Je rentrais chez moi après une session d’examens très éprouvante. J’avais tout passé, presque sans dormir, et je ne rêvais que d’une chose : dormir pendant le voyage. J’avais expressément acheté un billet pour une couchette du bas, afin de pouvoir m’allonger tranquillement, sans inconfort.

Je suis monté dans le wagon, je me suis installé, j’étais déjà en train de sombrer dans le sommeil, quand une femme d’environ quarante ans est entrée dans le compartiment avec un petit garçon d’environ sept ans.

Elle avait l’air fatiguée mais déterminée. Après avoir rangé ses affaires, elle m’a expliqué qu’ils n’avaient que des billets pour une couchette du haut. Elle s’est assise en face de moi et a immédiatement commencé à se plaindre : elle avait mal au dos, son fils était agité, et ce serait impossible de gérer tout cela sur une couchette du haut. Elle m’a demandé de lui céder ma place.

Je l’ai prise en pitié. Une mère avec un enfant et des douleurs au dos, c’est vrai que ça inspire de la compassion. J’ai donc accepté : je suis monté sur la couchette supérieure et j’ai essayé de m’endormir. Mais c’était peine perdue.

Le gamin, bien installé en bas, n’arrêtait pas de bouger, de taper des pieds contre le matelas et les structures métalliques, ce qui faisait vibrer toute la couchette. En plus, il chantonnait une chanson stupide tirée d’un jeu vidéo et bavardait sans arrêt.

Au début, j’ai pris sur moi. Puis j’ai rassemblé mon courage et j’ai demandé à la femme de calmer son fils.

— Oh, n’exagérez pas ! a-t-elle répondu d’un ton fatigué et irrité. C’est juste un enfant !

Mais l’enfant, comme par malice, a redoublé d’énergie : il a commencé à courir dans le wagon, à mettre des dessins animés sur son téléphone à plein volume, à rire et à sauter dans tous les sens.

Autant dire que j’ai définitivement tiré un trait sur le sommeil.

C’est à ce moment-là que j’ai compris que je ne voulais plus endurer cela, et j’ai pris une décision que je ne regrette pas.

Alors ne venez plus dire que les jeunes ne respectent pas les adultes 😢😔

Je suis descendu de la couchette supérieure et je suis allé voir le contrôleur. Je lui ai expliqué calmement, sans élever la voix, que selon mon billet ma place était en bas, et que je l’avais cédée volontairement, mais que désormais il m’était impossible de me reposer car la femme refusait de surveiller son enfant.

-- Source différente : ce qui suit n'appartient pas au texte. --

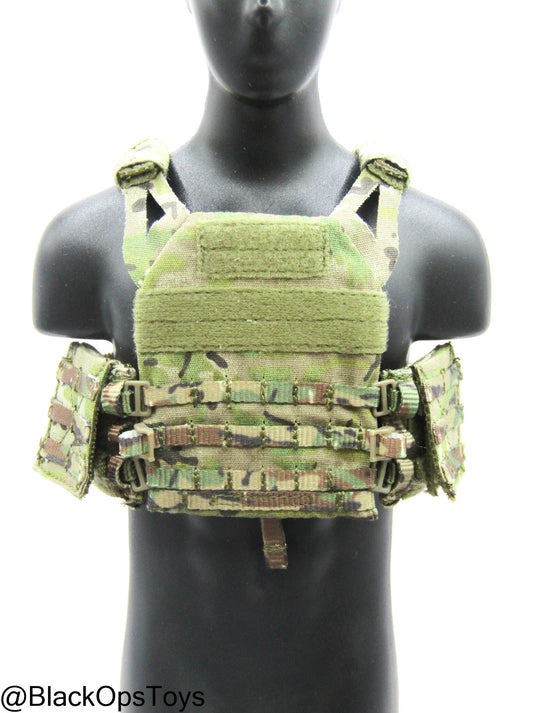 SMU - Coalition Forces - Multicam MOLLE Plate Carrier
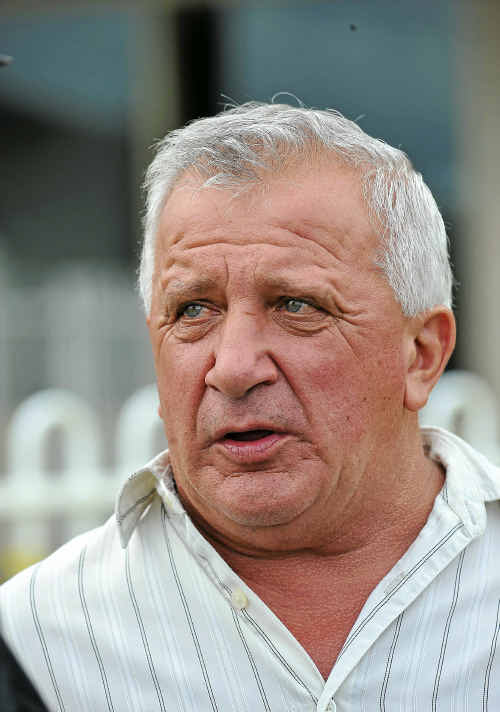 EQUINE TOURS: Coffs Harbour trainer Joe Janiak prepares to travel to Dubai in March. FILE EQUINE TOURS: Coffs Harbour trainer Joe Janiak prepares to travel to Dubai in March. FILE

Le contrôleur est entré dans le compartiment, a vérifié les billets, a regardé la femme et a dit fermement :

— Madame, vous avez une place en haut. Veuillez occuper vos places conformément aux billets achetés.

La femme a tenté de protester, mais le contrôleur est resté inflexible. Finalement, elle a soupiré, est montée en haut en emmenant le garçon avec elle, et j’ai enfin pu me rallonger sur ma couchette inférieure.

Pour la première fois depuis plusieurs jours, je me suis endormi paisiblement, sans culpabilité ni pitié.

Depuis ce jour, j’ai pris une décision ferme : je ne sacrifierai plus jamais mon confort pour ceux qui ne savent pas respecter les efforts et la tranquillité des autres.